(Saved entries)
[Start of section]
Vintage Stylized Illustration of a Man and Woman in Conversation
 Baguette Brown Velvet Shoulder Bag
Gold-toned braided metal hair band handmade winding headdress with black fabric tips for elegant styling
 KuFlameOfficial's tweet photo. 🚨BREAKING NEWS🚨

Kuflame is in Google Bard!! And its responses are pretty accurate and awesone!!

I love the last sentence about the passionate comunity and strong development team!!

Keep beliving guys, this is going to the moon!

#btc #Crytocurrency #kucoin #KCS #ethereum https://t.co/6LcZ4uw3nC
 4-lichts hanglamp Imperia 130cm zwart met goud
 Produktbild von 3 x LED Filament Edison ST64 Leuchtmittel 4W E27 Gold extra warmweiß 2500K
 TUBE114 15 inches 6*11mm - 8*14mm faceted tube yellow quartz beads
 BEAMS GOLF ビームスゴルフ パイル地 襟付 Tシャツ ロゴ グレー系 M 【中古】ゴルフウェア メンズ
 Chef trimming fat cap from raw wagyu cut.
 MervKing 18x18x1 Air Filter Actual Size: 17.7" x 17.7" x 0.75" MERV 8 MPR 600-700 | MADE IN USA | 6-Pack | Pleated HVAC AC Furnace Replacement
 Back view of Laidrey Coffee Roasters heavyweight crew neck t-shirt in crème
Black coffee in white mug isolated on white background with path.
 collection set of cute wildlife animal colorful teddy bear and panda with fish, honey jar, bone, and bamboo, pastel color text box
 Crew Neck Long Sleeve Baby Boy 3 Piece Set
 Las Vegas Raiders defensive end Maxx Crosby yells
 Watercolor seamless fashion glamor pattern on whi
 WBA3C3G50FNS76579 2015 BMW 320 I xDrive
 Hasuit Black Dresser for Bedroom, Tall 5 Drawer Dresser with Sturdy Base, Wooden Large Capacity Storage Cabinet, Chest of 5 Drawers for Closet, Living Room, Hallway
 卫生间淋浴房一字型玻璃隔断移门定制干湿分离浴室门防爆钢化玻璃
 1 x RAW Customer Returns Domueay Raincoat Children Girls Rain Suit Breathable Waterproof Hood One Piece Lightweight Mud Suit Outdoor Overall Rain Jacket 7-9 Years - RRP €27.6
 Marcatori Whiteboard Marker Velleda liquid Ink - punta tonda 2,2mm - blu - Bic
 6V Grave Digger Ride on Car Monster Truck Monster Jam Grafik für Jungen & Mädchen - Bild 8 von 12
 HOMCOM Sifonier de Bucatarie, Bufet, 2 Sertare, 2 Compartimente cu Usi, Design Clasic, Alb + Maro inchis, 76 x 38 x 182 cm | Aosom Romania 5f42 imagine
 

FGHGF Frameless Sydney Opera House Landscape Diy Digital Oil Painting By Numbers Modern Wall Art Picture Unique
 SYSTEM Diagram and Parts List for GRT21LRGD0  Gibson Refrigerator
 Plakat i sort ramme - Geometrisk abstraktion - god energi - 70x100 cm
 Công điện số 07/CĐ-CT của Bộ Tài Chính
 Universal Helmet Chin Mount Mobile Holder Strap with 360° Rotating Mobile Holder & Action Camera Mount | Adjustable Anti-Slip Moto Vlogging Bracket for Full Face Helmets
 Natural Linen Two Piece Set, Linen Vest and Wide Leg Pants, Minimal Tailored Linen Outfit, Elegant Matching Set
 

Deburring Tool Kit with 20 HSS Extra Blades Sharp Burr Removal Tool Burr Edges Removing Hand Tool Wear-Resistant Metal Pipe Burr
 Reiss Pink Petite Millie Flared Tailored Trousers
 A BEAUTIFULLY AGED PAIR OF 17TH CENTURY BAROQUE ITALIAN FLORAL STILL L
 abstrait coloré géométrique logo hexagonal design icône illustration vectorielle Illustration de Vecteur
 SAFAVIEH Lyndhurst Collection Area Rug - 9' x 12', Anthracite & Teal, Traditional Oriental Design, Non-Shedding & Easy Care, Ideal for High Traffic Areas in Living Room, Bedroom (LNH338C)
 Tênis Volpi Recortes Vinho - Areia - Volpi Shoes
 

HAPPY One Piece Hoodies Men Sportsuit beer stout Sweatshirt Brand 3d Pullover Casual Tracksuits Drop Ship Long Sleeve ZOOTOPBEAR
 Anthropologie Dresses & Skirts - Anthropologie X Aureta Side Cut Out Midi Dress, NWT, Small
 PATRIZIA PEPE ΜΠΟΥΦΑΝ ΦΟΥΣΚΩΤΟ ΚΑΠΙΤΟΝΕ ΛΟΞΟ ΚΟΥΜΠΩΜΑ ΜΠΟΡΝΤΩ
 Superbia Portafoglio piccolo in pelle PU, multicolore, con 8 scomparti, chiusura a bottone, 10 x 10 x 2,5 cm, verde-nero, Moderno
[End of section]
* Instructions to follow:
In full and without change, transcribe every line of the records above.

* Task solution:
Vintage Stylized Illustration of a Man and Woman in Conversation
 Baguette Brown Velvet Shoulder Bag
Gold-toned braided metal hair band handmade winding headdress with black fabric tips for elegant styling
 KuFlameOfficial's tweet photo. 🚨BREAKING NEWS🚨

Kuflame is in Google Bard!! And its responses are pretty accurate and awesone!!

I love the last sentence about the passionate comunity and strong development team!!

Keep beliving guys, this is going to the moon!

#btc #Crytocurrency #kucoin #KCS #ethereum https://t.co/6LcZ4uw3nC
 4-lichts hanglamp Imperia 130cm zwart met goud
 Produktbild von 3 x LED Filament Edison ST64 Leuchtmittel 4W E27 Gold extra warmweiß 2500K
 TUBE114 15 inches 6*11mm - 8*14mm faceted tube yellow quartz beads
 BEAMS GOLF ビームスゴルフ パイル地 襟付 Tシャツ ロゴ グレー系 M 【中古】ゴルフウェア メンズ
 Chef trimming fat cap from raw wagyu cut.
 MervKing 18x18x1 Air Filter Actual Size: 17.7" x 17.7" x 0.75" MERV 8 MPR 600-700 | MADE IN USA | 6-Pack | Pleated HVAC AC Furnace Replacement
 Back view of Laidrey Coffee Roasters heavyweight crew neck t-shirt in crème
Black coffee in white mug isolated on white background with path.
 collection set of cute wildlife animal colorful teddy bear and panda with fish, honey jar, bone, and bamboo, pastel color text box
 Crew Neck Long Sleeve Baby Boy 3 Piece Set
 Las Vegas Raiders defensive end Maxx Crosby yells
 Watercolor seamless fashion glamor pattern on whi
 WBA3C3G50FNS76579 2015 BMW 320 I xDrive
 Hasuit Black Dresser for Bedroom, Tall 5 Drawer Dresser with Sturdy Base, Wooden Large Capacity Storage Cabinet, Chest of 5 Drawers for Closet, Living Room, Hallway
 卫生间淋浴房一字型玻璃隔断移门定制干湿分离浴室门防爆钢化玻璃
 1 x RAW Customer Returns Domueay Raincoat Children Girls Rain Suit Breathable Waterproof Hood One Piece Lightweight Mud Suit Outdoor Overall Rain Jacket 7-9 Years - RRP €27.6
 Marcatori Whiteboard Marker Velleda liquid Ink - punta tonda 2,2mm - blu - Bic
 6V Grave Digger Ride on Car Monster Truck Monster Jam Grafik für Jungen & Mädchen - Bild 8 von 12
 HOMCOM Sifonier de Bucatarie, Bufet, 2 Sertare, 2 Compartimente cu Usi, Design Clasic, Alb + Maro inchis, 76 x 38 x 182 cm | Aosom Romania 5f42 imagine
 

FGHGF Frameless Sydney Opera House Landscape Diy Digital Oil Painting By Numbers Modern Wall Art Picture Unique
 SYSTEM Diagram and Parts List for GRT21LRGD0  Gibson Refrigerator
 Plakat i sort ramme - Geometrisk abstraktion - god energi - 70x100 cm
 Công điện số 07/CĐ-CT của Bộ Tài Chính
 Universal Helmet Chin Mount Mobile Holder Strap with 360° Rotating Mobile Holder & Action Camera Mount | Adjustable Anti-Slip Moto Vlogging Bracket for Full Face Helmets
 Natural Linen Two Piece Set, Linen Vest and Wide Leg Pants, Minimal Tailored Linen Outfit, Elegant Matching Set
 

Deburring Tool Kit with 20 HSS Extra Blades Sharp Burr Removal Tool Burr Edges Removing Hand Tool Wear-Resistant Metal Pipe Burr
 Reiss Pink Petite Millie Flared Tailored Trousers
 A BEAUTIFULLY AGED PAIR OF 17TH CENTURY BAROQUE ITALIAN FLORAL STILL L
 abstrait coloré géométrique logo hexagonal design icône illustration vectorielle Illustration de Vecteur
 SAFAVIEH Lyndhurst Collection Area Rug - 9' x 12', Anthracite & Teal, Traditional Oriental Design, Non-Shedding & Easy Care, Ideal for High Traffic Areas in Living Room, Bedroom (LNH338C)
 Tênis Volpi Recortes Vinho - Areia - Volpi Shoes
 

HAPPY One Piece Hoodies Men Sportsuit beer stout Sweatshirt Brand 3d Pullover Casual Tracksuits Drop Ship Long Sleeve ZOOTOPBEAR
 Anthropologie Dresses & Skirts - Anthropologie X Aureta Side Cut Out Midi Dress, NWT, Small
 PATRIZIA PEPE ΜΠΟΥΦΑΝ ΦΟΥΣΚΩΤΟ ΚΑΠΙΤΟΝΕ ΛΟΞΟ ΚΟΥΜΠΩΜΑ ΜΠΟΡΝΤΩ
 Superbia Portafoglio piccolo in pelle PU, multicolore, con 8 scomparti, chiusura a bottone, 10 x 10 x 2,5 cm, verde-nero, Moderno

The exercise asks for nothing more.